O último estágio, conhecido como sono REM (do inglês, movimento rápido dos olhos), é a fase em que ocorrem os sonhos mais complexos e de maior significado emocional. Nesse estágio, a atividade cerebral é intensa levando a um estado que, de tão ativo, se assemelha à vigília. “A gente diz que é um outro estado de consciência”, continua Luciana. “Essa alternância que ocorre durante o sono de períodos de menos atividade cerebral com picos de muita atividade prepara o cérebro para o indivíduo estar física e emocionalmente bem durante o dia”.
Aprendendo a dormir
Cair nos braços de Morfeu — como se diz na expressão popular que remete ao deus grego que personifica os sonhos — não é tão simples. É comum ouvir que, para um sono tranquilo e reconfortante, são necessárias de sete a oito horas por noite. Ocorre que essa necessidade é individual e geneticamente determinada, assegura Luciana. Há os dormidores curtos que são mais resistentes à privação de sono e que, ao dormir por cinco ou seis horas, ficam bem. E existem aqueles que precisam de nove horas. A boa notícia é que é possível aprender a dormir bem.
Segundo Luciana, a insônia, por exemplo, já conta com um tratamento baseado na terapia cognitiva comportamental que aposta na mudança de hábitos, o que significa alterar o modo como a cabeça funciona para o sono. “É preciso ensinar o cérebro a relaxar antes de ir pra cama”, diz. Dentro da higiene do sono — que pode ser definida como um conjunto de regras gerais para garantir uma boa qualidade de sono — entram desde evitar o uso de eletrônicos e contar com ambiente pouco ruidoso e de baixa luminosidade até manter os horários mais regulares. Não é mito: alimentação leve ajuda; álcool e estimulantes atrapalham.
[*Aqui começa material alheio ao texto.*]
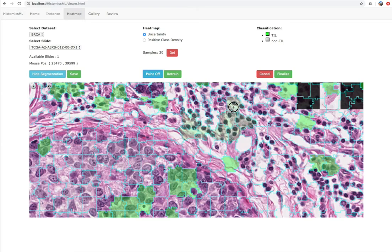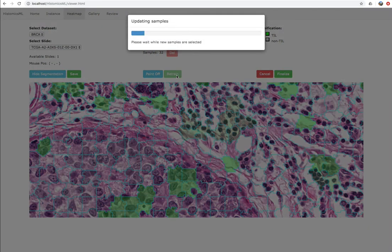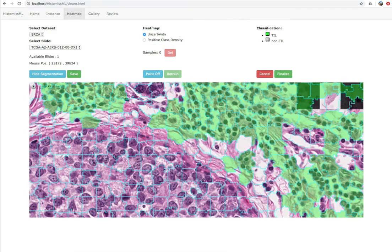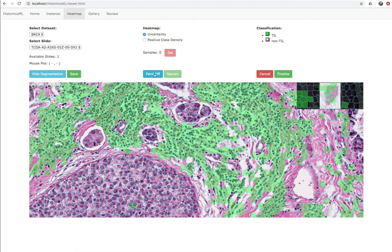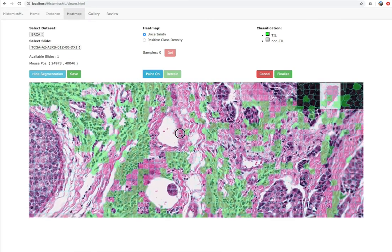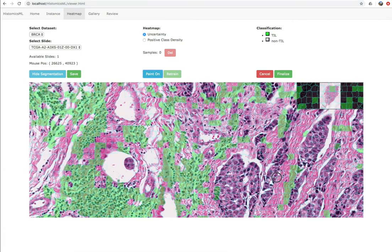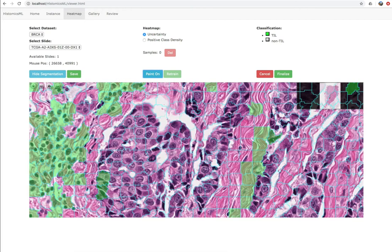As you drag the paint tool, you'll see that the colors change, indicating a change of labeled class. After labeling, click Retrain to update the classifier and see the improvement in prediction accuracy. We suggest frequently retraining the classifier after adding small numbers of samples for faster training. This will help the classifier converge more quickly and will minimize your labeling effort.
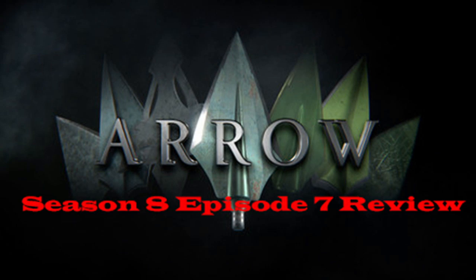What is up guys, expert women here with me calling Dominique. We are back here with Arrow Season 8 Episode 7 Review. So let's do this.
E quanto aos exercícios físicos, eles também auxiliam mas o horário ideal para praticá-los vai variar de pessoa para pessoa. “Você não pode comparar o seu sono com o do vizinho”, acrescenta Luciana.
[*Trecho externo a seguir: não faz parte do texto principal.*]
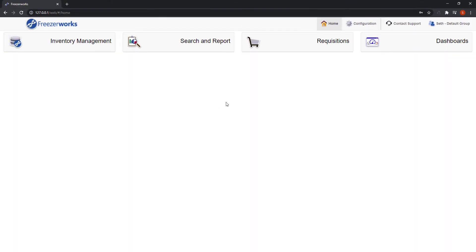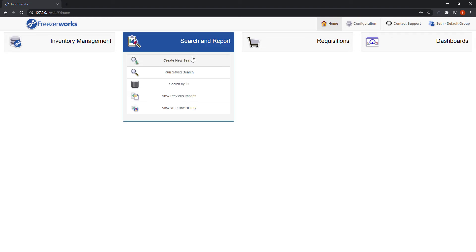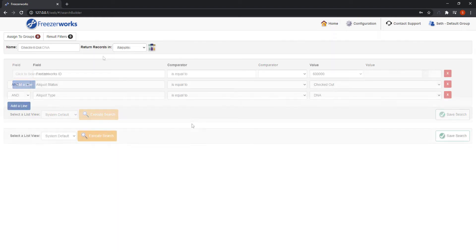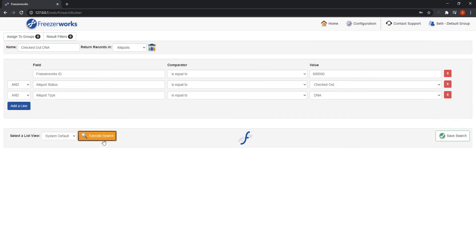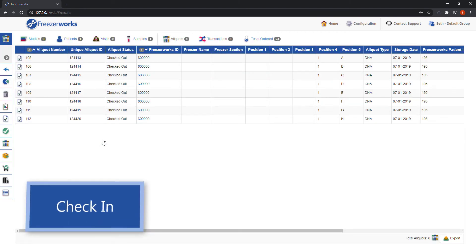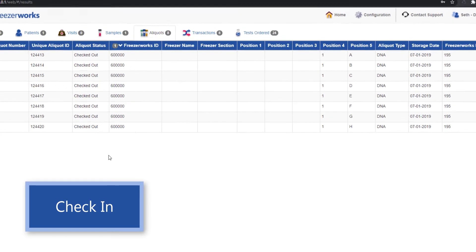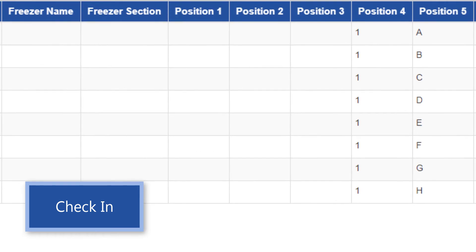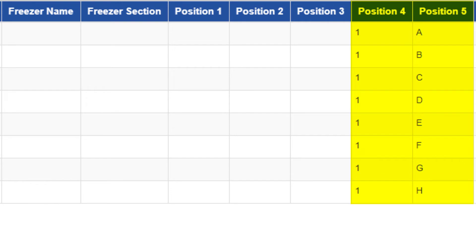To start, I'm going to find those aliquots I checked out last time, because now I want to check them back into a freezer. I'll run a search, and here are my checked out aliquots. Take a look at them for a second, and you'll see that their freezer fields are all empty, except for the last two subdivisions. This is because I selected remove from freezer, but retain aliquot position during my checkout workflow.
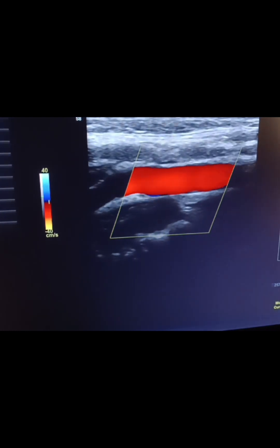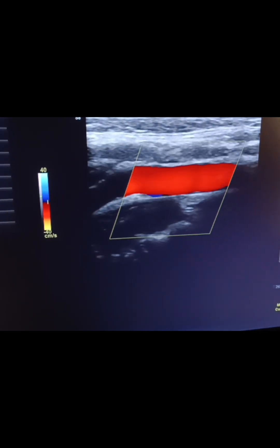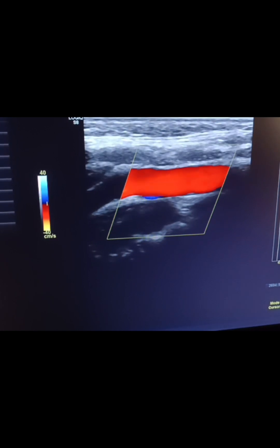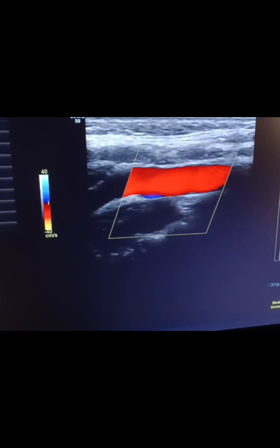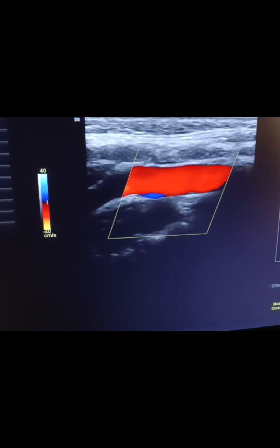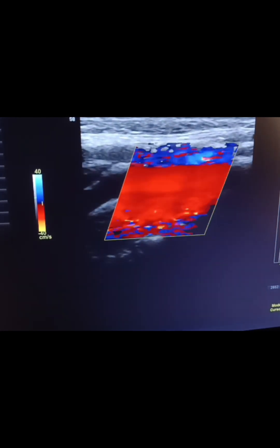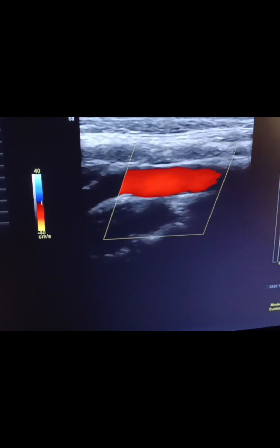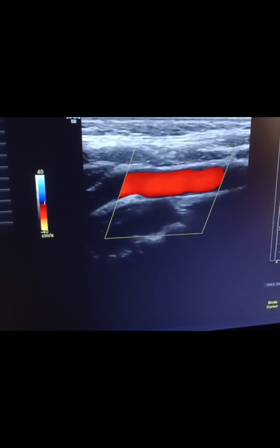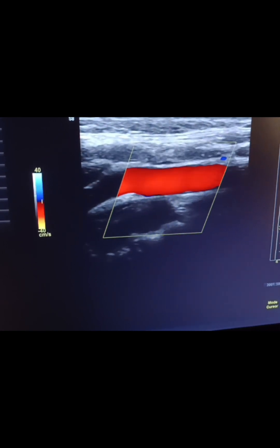I want you to understand the terms I'm using. You're going to hear color gain, color scale, PW gain, PW scale — they're all different terms. So in this case, we're talking about the color gain. High color gain — not good. Low color gain — not good. You want to optimize it just well enough to fill up the box. That looks good.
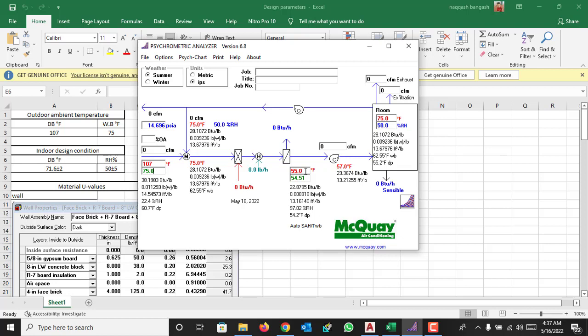Like we consider the supply CFM is 400 and we are going to supply 10% of the supply air as fresh air, so 10% of the supply air is 40 CFM.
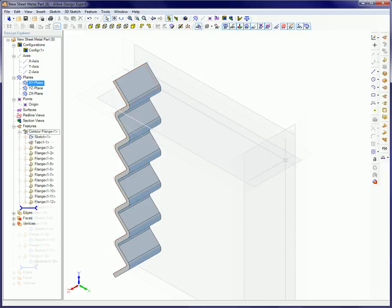This tutorial covered how the contour flange tool is used to create a sheet metal part feature from a single sketch. It uses the sketch as a guide to quickly create the profile of the sheet metal part and then generates the part.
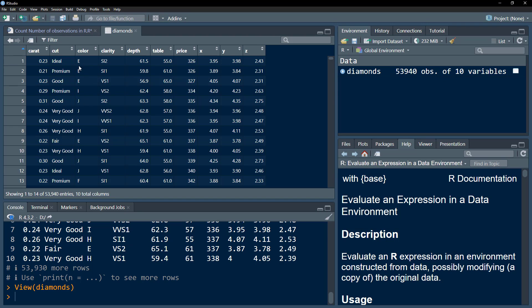This dataset contains different parameters related to diamonds. We have the carat, the cut — whether it is ideal, premium, or good — which is a categorical variable. Then we have color, which is also a categorical variable, as well as clarity, depth, price, and so on.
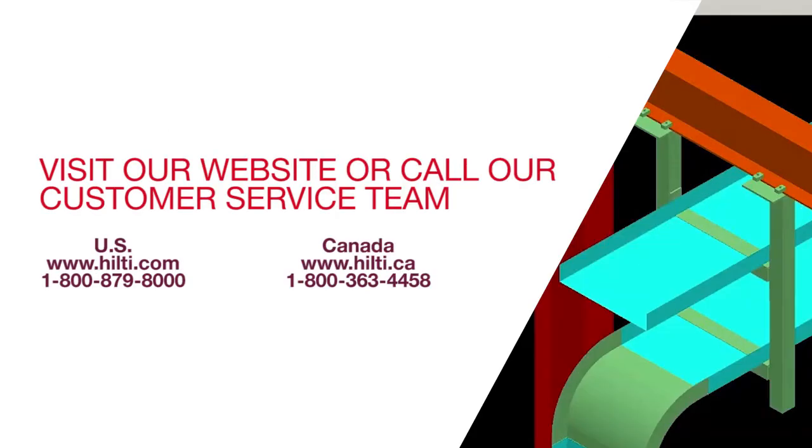Want to learn more about the Hilti Modular Supports Plugin to SmartPlant 3D? Visit our website or call our customer service team to set up a demo.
Mas o mais importante, assegura a especialista, é consultar o médico especializado. A polissonografia — exame que monitora os pacientes dormindo por uma noite é o método diagnóstico mais objetivo para a avaliação do sono e das variáveis fisiológicas. Luciana diz que, depois de diagnosticado o distúrbio, os tratamentos podem variar. No caso do ronco e apneia, por exemplo, pode envolver tratamento para perda de peso ou intervenção nasal, em alguns casos, cirurgia, e muito frequentemente, o uso de aparelhos ou máscaras durante o sono.
NO SUS
O SUS oferece tratamento integral para casos relacionados ao distúrbio do sono. À Radis, o Ministério da Saúde informa que o atendimento inicial é feito nas Unidades Básicas de Saúde e, quando necessário, o paciente é encaminhado para atendimento em uma unidade especializada. A polissonografia — que quantifica e qualifica o sono do paciente — pode ser feita no laboratório do sono em ambiente hospitalar ou em domicílio e registra, entre outras coisas, ronco, frequência de pulso, fluxo de ar, oxigenação, posição, esforço respiratório e eletrocardiograma.
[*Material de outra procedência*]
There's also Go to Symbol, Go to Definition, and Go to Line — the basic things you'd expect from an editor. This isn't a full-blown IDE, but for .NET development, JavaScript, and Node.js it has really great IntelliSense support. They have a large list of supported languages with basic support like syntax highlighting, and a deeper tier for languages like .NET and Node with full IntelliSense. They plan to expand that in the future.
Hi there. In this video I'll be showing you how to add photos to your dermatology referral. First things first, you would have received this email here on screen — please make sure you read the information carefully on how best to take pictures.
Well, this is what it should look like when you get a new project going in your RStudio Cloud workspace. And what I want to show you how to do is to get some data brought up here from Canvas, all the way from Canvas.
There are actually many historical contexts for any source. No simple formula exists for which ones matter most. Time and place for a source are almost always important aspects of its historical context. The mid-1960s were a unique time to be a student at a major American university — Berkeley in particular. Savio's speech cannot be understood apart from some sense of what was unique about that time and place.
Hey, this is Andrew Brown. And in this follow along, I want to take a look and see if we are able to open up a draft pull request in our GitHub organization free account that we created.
Atualmente, o Brasil conta com 79 estabelecimentos que atendem pelo SUS e possuem serviços especializados em neurologia e neurocirurgia, com classificação da polissonografia. De acordo com o Ministério da Saúde, existem ainda outros 277 hospitais especializados que não possuem classificação do procedimento, mas que estão aptos a realizar os atendimentos necessários para tratar dos distúrbios do sono. Cabe aos estados e municípios identificar as necessidades de acordo com as regionalizações e disponibilizar a assistência diagnóstica e terapêutica necessárias.